Oracle Management Cloud provides application performance monitoring that helps to monitor applications and rapidly diagnose issues by integrating and using log data, log analytics that uses topology-aware search and exploration to troubleshoot problems across applications and infrastructure, and IT analytics that helps optimize capacity and maximize performance for database and application infrastructure.
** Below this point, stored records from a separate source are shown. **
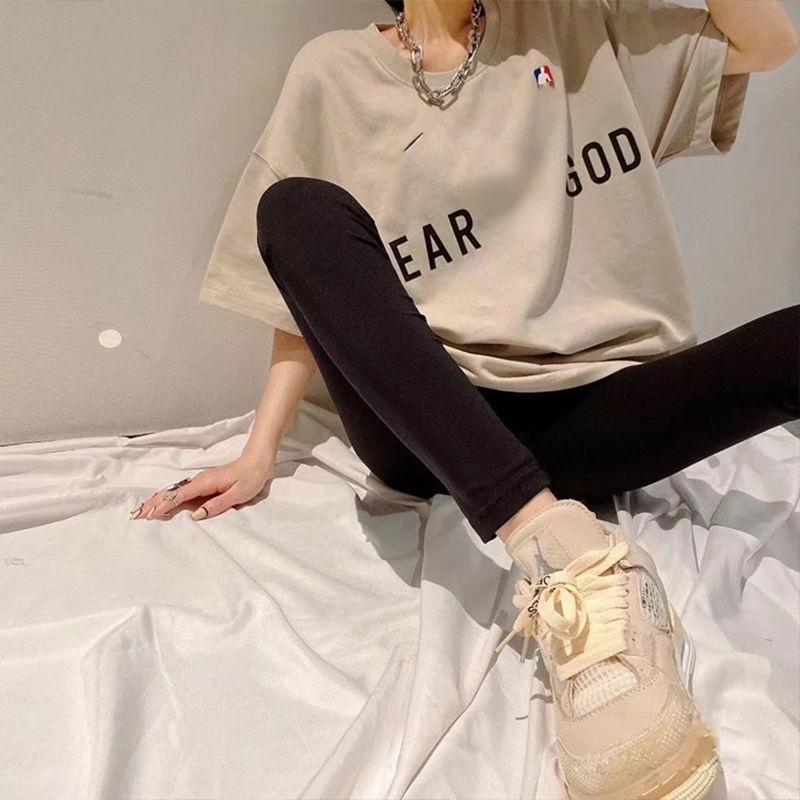 Designer Embroidery t Shirt Fog Essen Short-sleeved T-shirt Nk n Ba Joint Round Neck Top Summer Cotton Oversize Loose Men' and Women, Rice apricot color
Designer Embroidery t Shirt Fog Essen Short-sleeved T-shirt Nk n Ba Joint Round Neck Top Summer Cotton Oversize Loose Men' and Women, Rice apricot color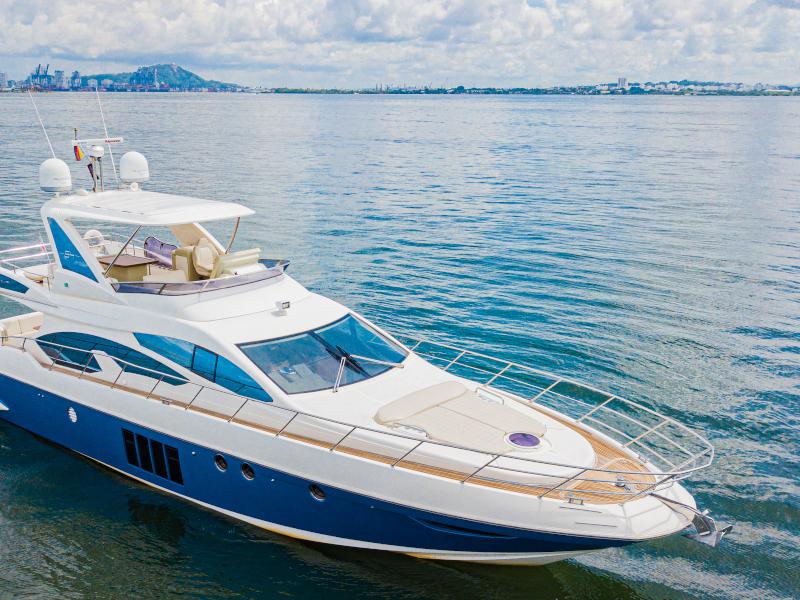 Book yachts online - motorboat - Azimut 64 Flybridge - Copacceti - rent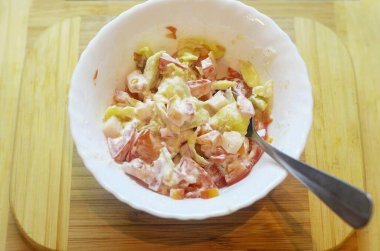 Her şeyi ve mevsimi ketçap ve mayonezle karıştır..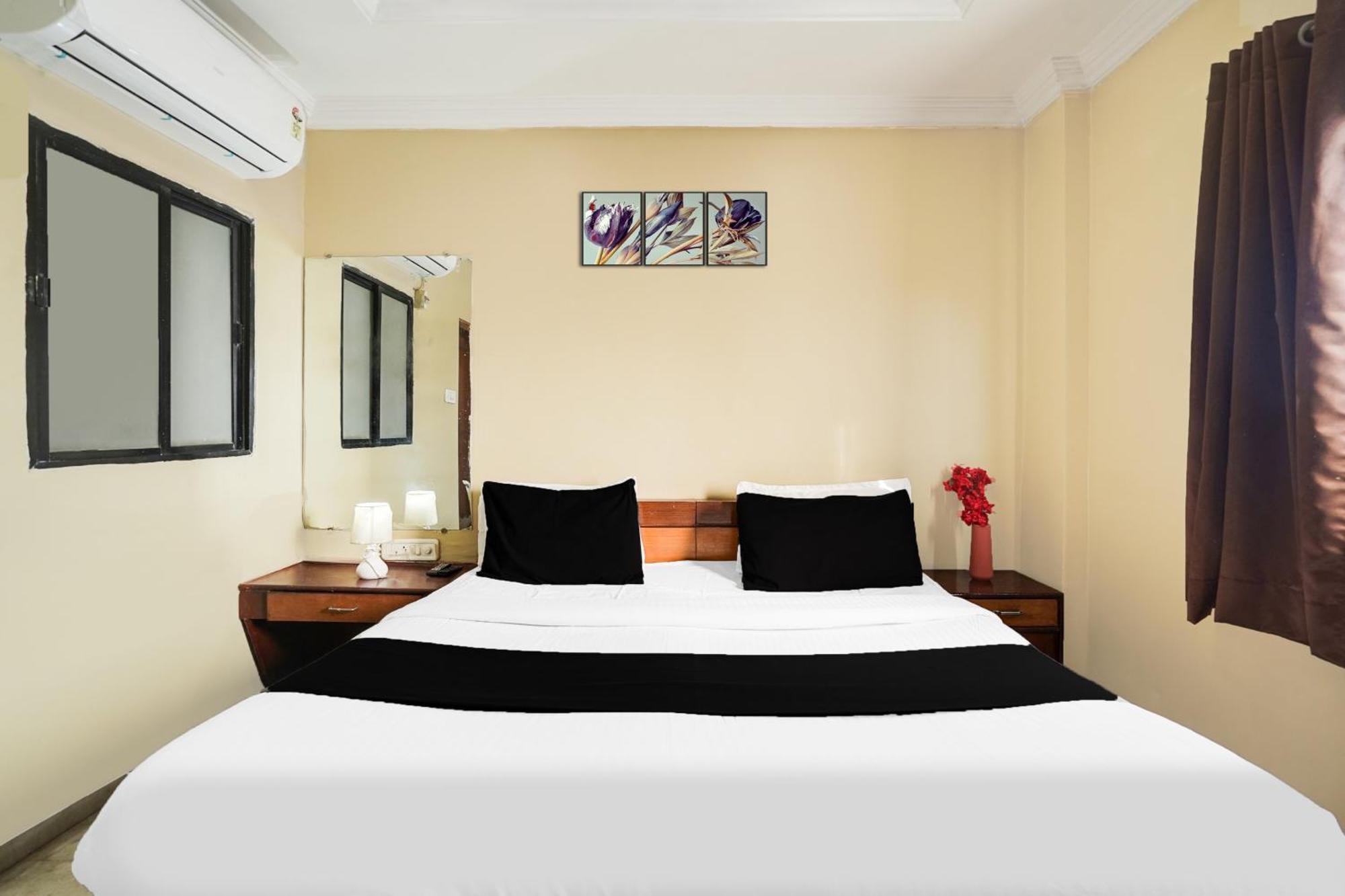 Super Hotel O Pithampur Formerly Ganga Residency Akolia ภายนอก รูปภาพ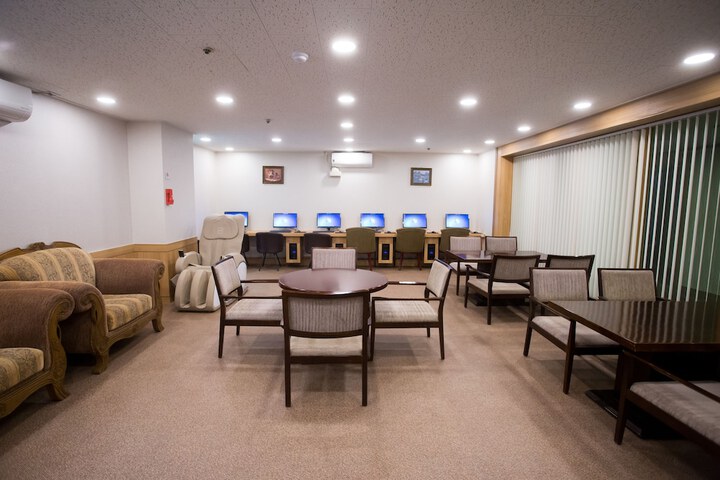 Business Center 9 of 38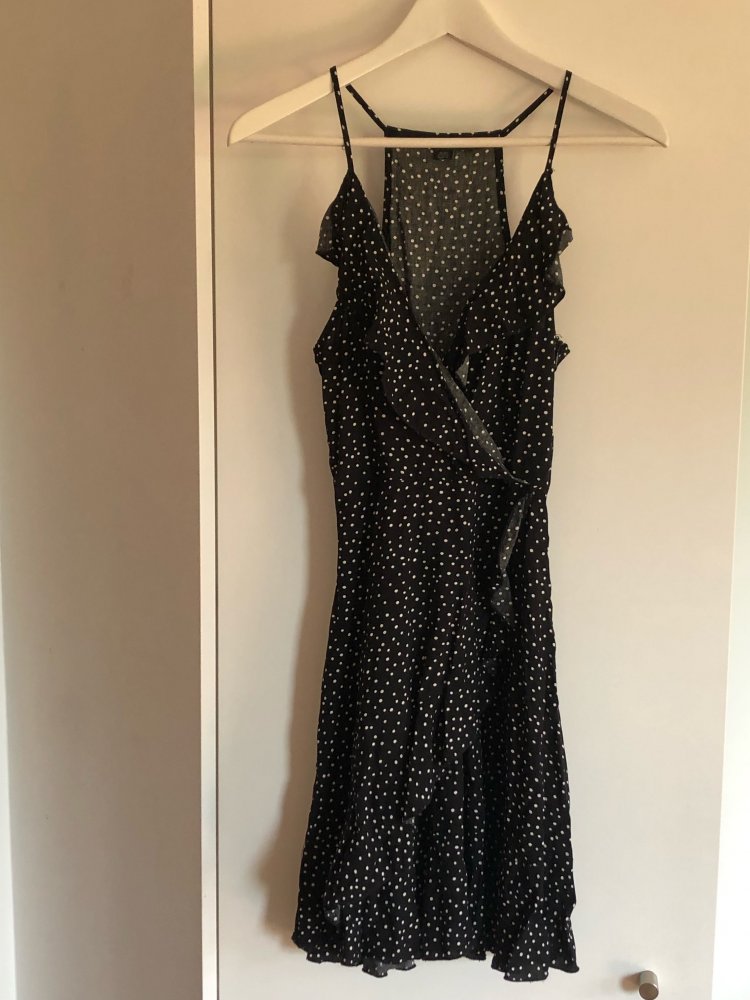 Amisu Kleid schwarz mit weissen Tupfen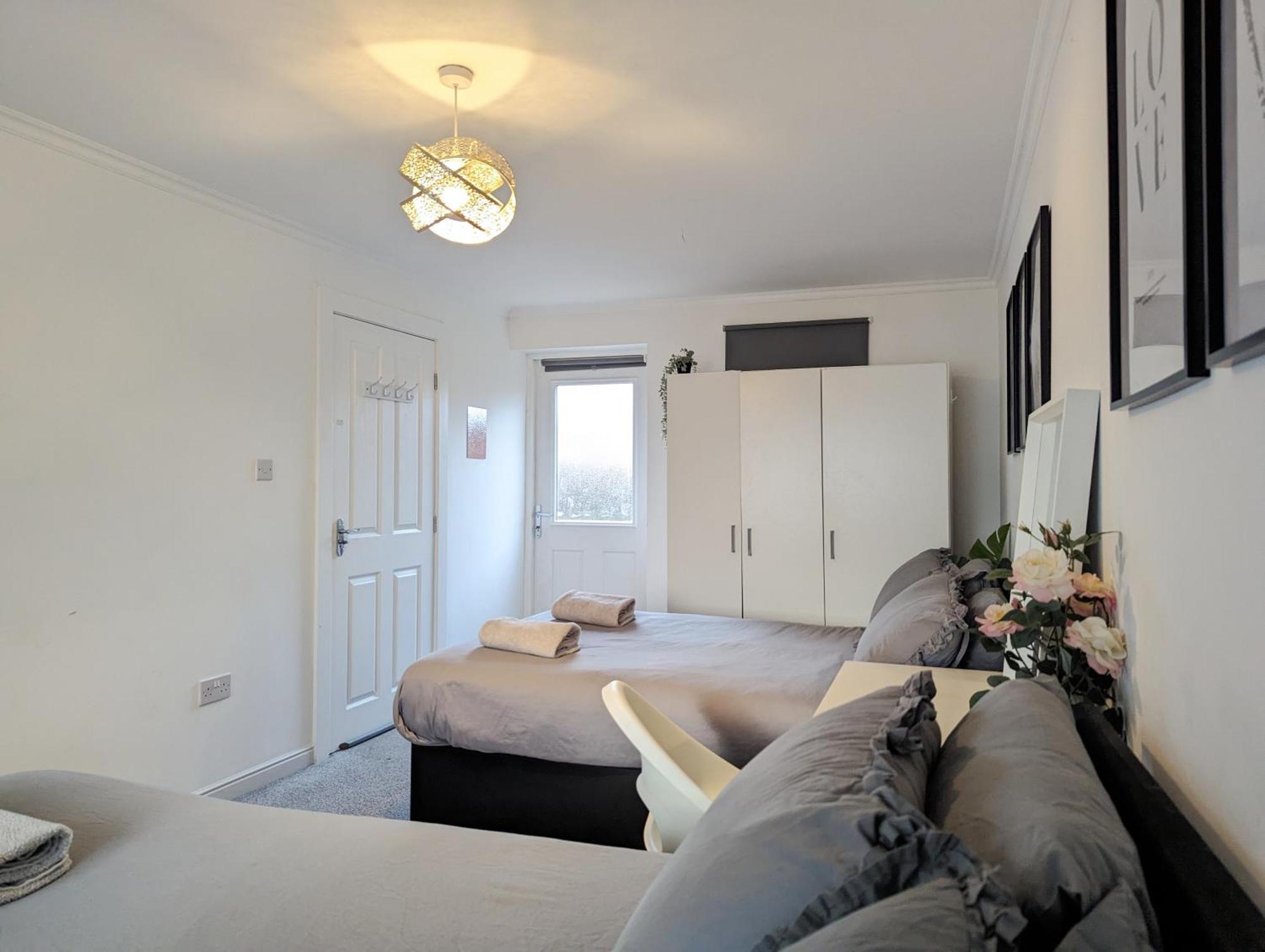 Guest Near Centre & Anfield Free Parki Holiday home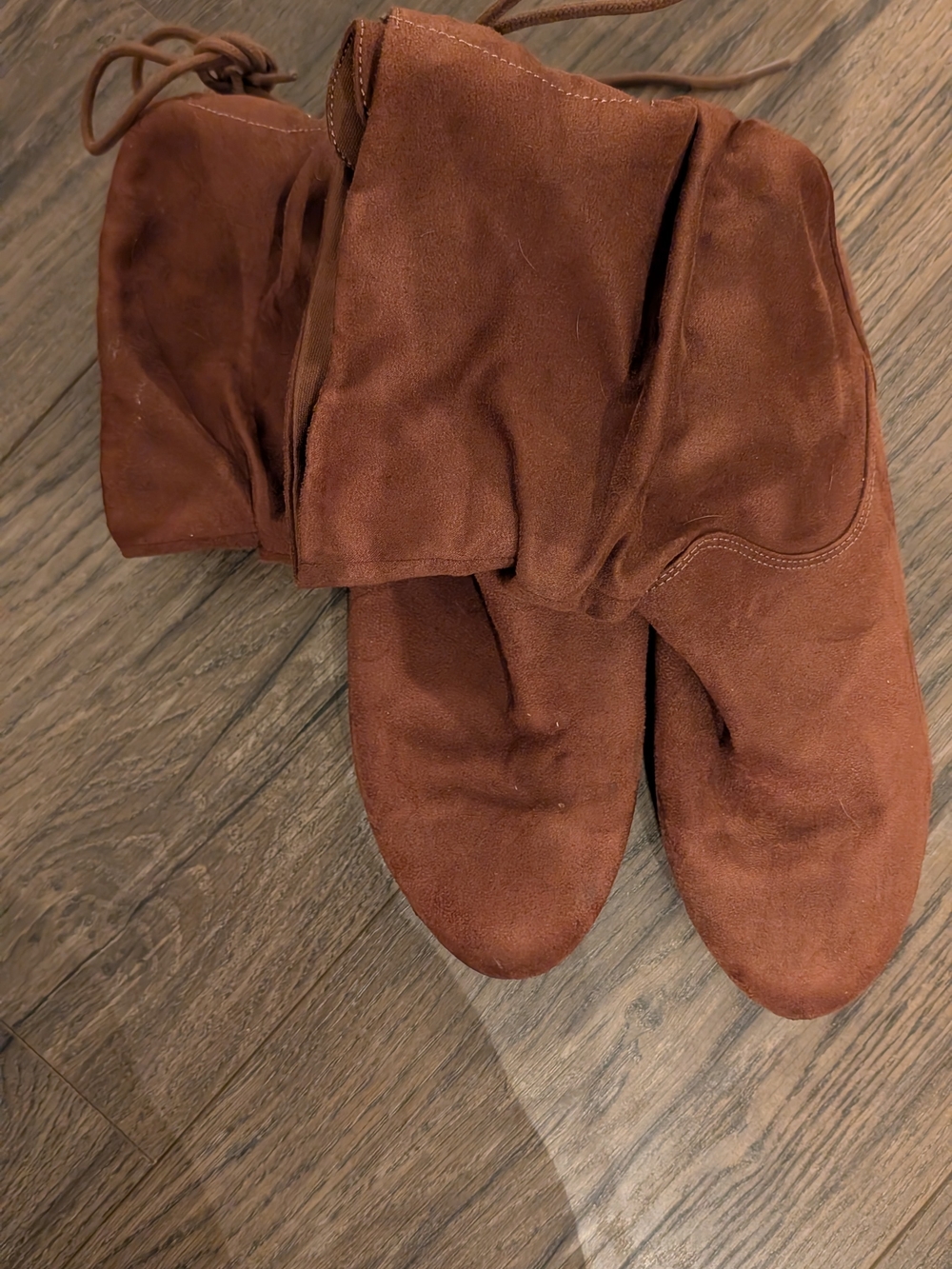 3/$30 💜 Brown Suede Boots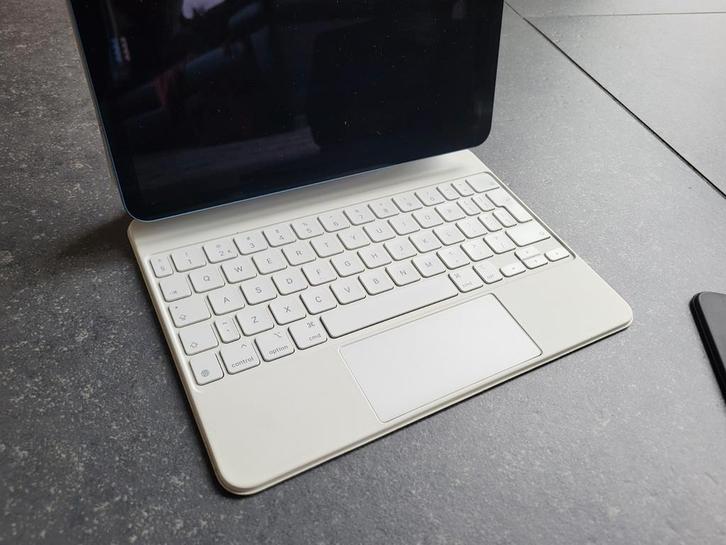 Apple Magic Keyboard 11 inch iPad Air/Pro – wit, Computers en Software, Tablet-hoezen, Zo goed als nieuw, Overige typen, 11 inch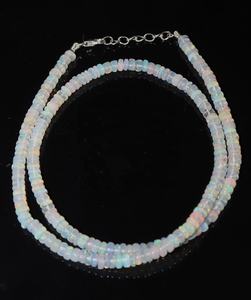 Collier minimaliste en opale de feu éthiopienne de 15 pouces, perles rondes de 4 mm, style uni facetté avec extension - Product Image 3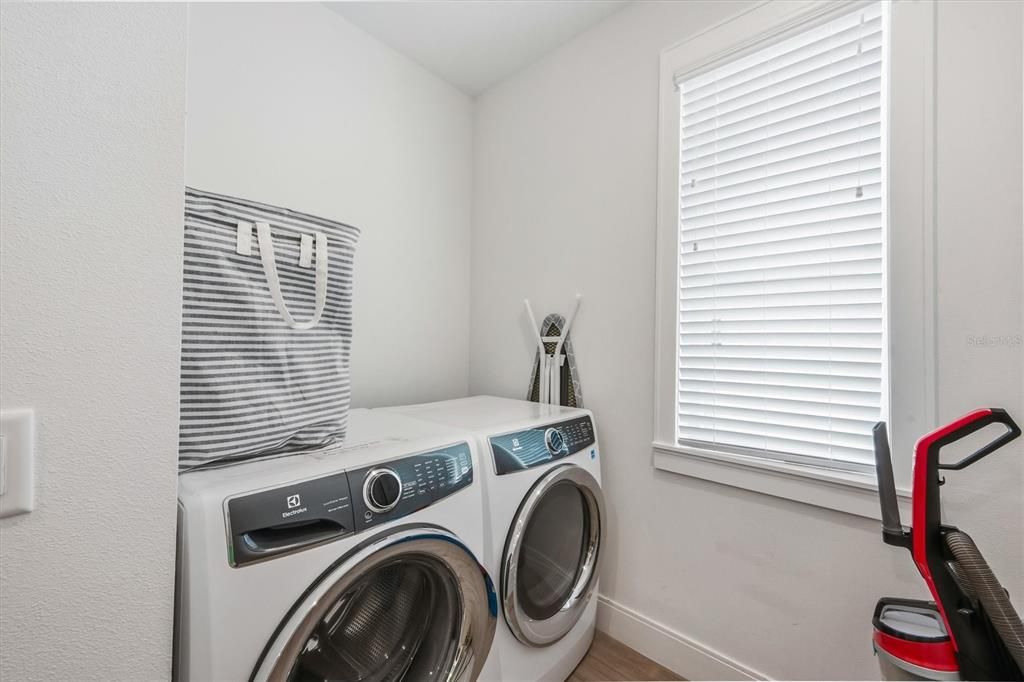 Interior, Utility Closets, Washer, Wood Texture Flooring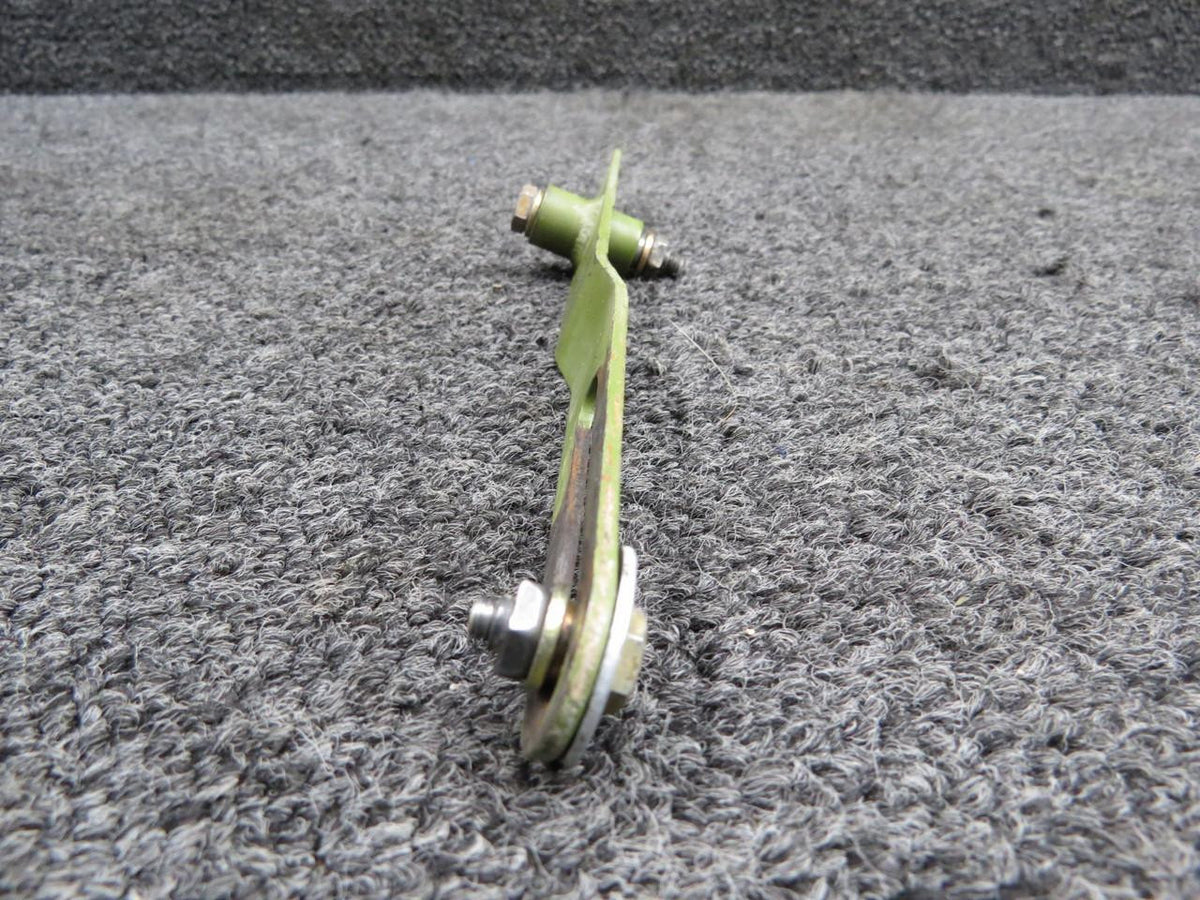 Cessna Aircraft Parts 0762033-1 Cessna 182M Flap Control Arm Assembly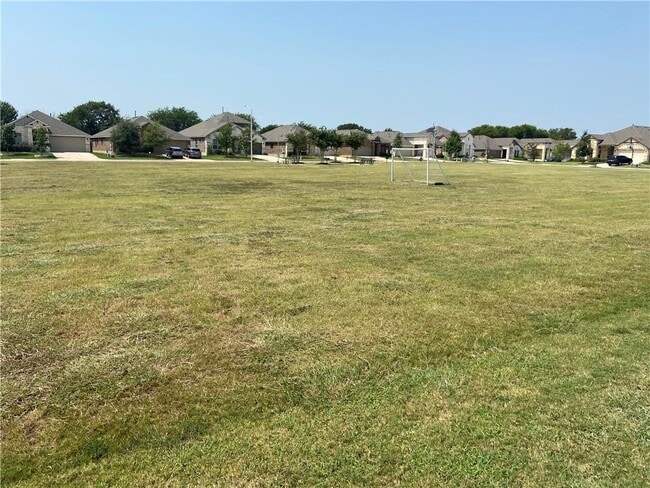 Building Photo - 601 Flag Ln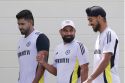 IND vs ENG: इंग्लैंड के खिलाफ लीड्स टेस्‍ट से पहले बदल गई टीम इंडिया, BCCI ने इस
खिलाड़ी की कराई सरप्राइज एंट्री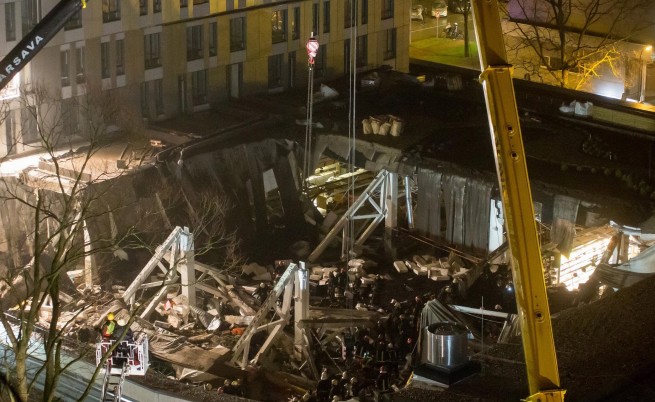 Срути се покрив на магазин в Рига, над 40 жертви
The Log Analytics cloud service can retrieve log files from many different, configurable locations – across Oracle products and 3rd party technology. When Enterprise Manager is used, there is automated configuration of log locations and log types for added EM Targets and out-of-the-box configuration, collection, rules, and saved searches on known target types. Topology information in Enterprise Manager is used for application aware log search. Log searches are scoped to the components running a specific application and Topology Elasticity is automatically factored in.

image

From the Application Performance Management section in the Management CS, there a drill down to Log Analytics, whereAPM is able to locate right log file based on collected topology information.

image

IT Analytics Cloud Service is designed to help DBAs and middleware administrators to plan for capacity based on real workloads and identify and remediate common problems across their database and application servers.

EM Repository data is loaded into the Management CS data store on an ongoing basis, including metrics, metric extensions, configuration, Target Model,Topology, Association, Events, Availability etc. Data can be loaded from multiple EM instances. The longer retention period for large data set in cloud allows meaningful analytics. The Analytics Engine provide capabilities like forecasting, trending, capacity planning.

If some of this sounds a little familiar from other offerings from Oracle, that would make sense. Although this service built from the ground up, it has been inspired by Enterprise Manager options such as Real User Experience Insight and Business Transaction Management; some of the brains behind those products are closely involved with the design and realization of the Management Cloud Service.

To me, this service makes a lot of sense. Especially in a distributed world, there is no logical physical location for a central, end-to-end monitoring facility as data is collected from all over the place. This cloud service can easily scale to large data volumes and can easily offer advanced analytical capabilities – based on big data technologies including machine learning – and a rapid evolution of functionality. The Management Cloud should be generally available in early 2016 – and is one of the very nice finds for me from OOW 2015.